/stacked_capsule_autoencoders

Forked project from google-research repo

Primary LanguagePython

Stacked Capsule Autoencoders

This is the official Tensorflow implementation of the Stacked Capsule Autoencoder (SCAE) forked from their repo, which was introduced in the in the following paper: A. R. Kosiorek, Sara Sabour, Y. W. Teh, and Geoffrey E. Hinton, "Stacked Capsule Autoencoders".

  • Author: Adam R. Kosiorek, Oxford Robotics Institute & Department of Statistics, University of Oxford
  • Email: adamk(at)robots.ox.ac.uk
  • Webpage: http://akosiorek.github.io/

This work was done during Adam's internship at Google Brain in Toronto.

About the project

If you look at natural images containing objects, you will quickly see that the same object can be captured from various viewpoints. Capsule Networks are specifically designed to be robust to viewpoint changes, which makes learning more data-efficient and allows better generalization to unseen viewpoints. This project introduces a novel unsupervised version of Capsule Networks called Stacked Capsule Autoencoders (SCAE). Unlike in the original Capsules, SCAE is a generative model with an affine-aware decoder. This forces the encoder to learn image representation that is equivariant to viewpoint changes, and which leads to state-of-the-art unsupervised classification performance on MNIST and SVHN. For a more detailed description please have a look at the paper or at Adam's blog.

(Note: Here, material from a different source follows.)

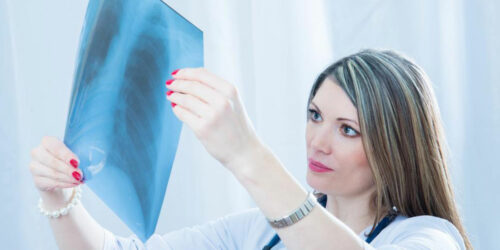 Pneumonia – Causes, signs and treatments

TSNE embeddings of object-capsule presence probabilities on MNIST digits.

Fig 1: TSNE embeddings of object-capsule presence probabilities on MNIST digits color-coded by digit class.

Dependencies

If you execute setup_virtualenv.sh, it will create a virtual environment and install all required dependencies. Alternatively, you can install all the dependencies using pip install -r requirements.txt. You can also manually install Tensorflow v1.15 and the following dependencies:

  • absl_py>=0.8.1
  • imageio>=2.6.1
  • matplotlib>=3.0.3
  • monty>=3.0.2
  • numpy>=1.16.2
  • Pillow>=6.2.1
  • scikit_learn>=0.20.4
  • scipy>=1.2.1
  • dm_sonnet==1.35
  • tensorflow==1.15.0
  • tensorflow_probability==0.8.0
  • tensorflow_datasets==1.3.0

The current implementation is not compatible with tensorflow==2.0.

Understanding the Code

  • The training loop is defined in train.py.
  • The model is built in capsules/configs/model_config.py.
  • The part capsule encoder and decoder are defined in capsules/primary.py.
  • The object capsule can be found in capsules/capsule.py.
  • The SCAE model is defined in capsules/models/scae.py.

Running Experiments

You can train the model by invoking:

# From google-research/
python -m stacked_capsule_autoencoders.scripts.train --name=experiment_name

Different model configurations and datasets can be chosen by command-line flags. For an overview of the flags, have a look at the top of the training script (train.py) and the top of model and data configs in capsules/configs.

To replicate experiments reported in the paper you can run one of the run_*.sh files:

  1. run_mnist.sh runs the full MNIST model as reported in the paper.
  2. run_mnist_coupled.sh runs the full MNIST model, with the difference that the part mixing probabilities are constrained to be the same as pixel intensities. We used a similar setup for the SVHN experiments.
  3. run_constellation.sh runs the constellation experiment.

You can also pass command line arguments to the above scripts. For example,

./run.sh --batch_size=128

will invoke run.sh script and set the batch size to 128.

Model snapshots, tensorboard logs and intermediate plots (needs passing --plot=True) will be stored in {logdir}/{name} directory where logdir and name can be set as command-line arguments. logdir defaults to google-research/stacked_capsule_autoencoders/checkpoints.

Evaluation

You can use the eval_mnist_model.py script to evaluate a trained (on MNIST) model snapshot. To do so, you need to invoke the script with the same command-line arguments you used to train the model. We provide eval_mnist.sh and eval_mnist_coupled.sh for evaluating snapshots produced by run_mnist.sh and run_mnist_coupeld.sh. Invoking this script will load the model snapshot and report linear classification accuracy, unsupervised classification accuracy (clustering + bipartite graph matching), and also produce a TSNE plot of capsule probabilities. The plot will be stored in the checkpoint directory.

Citation

If you find this repo or the corresponding paper useful in your research, please consider citing:

@inproceedings{Kosiorek2019scae,
  title={Stacked Capsule Autoencoders},
  author={Kosiorek, Adam Roman and Sabour, Sara and Teh, Yee Whye and Hinton, Geoffrey Everest},
  booktitle={Advances in Neural Information Processing Systems},
  url = {https://arxiv.org/abs/1906.06818},
  pdf = {https://arxiv.org/pdf/1906.06818},
  year={2019}
}

Release Notes

Version 1.0

  • Original implementation; contains the constellation and MNIST experiments.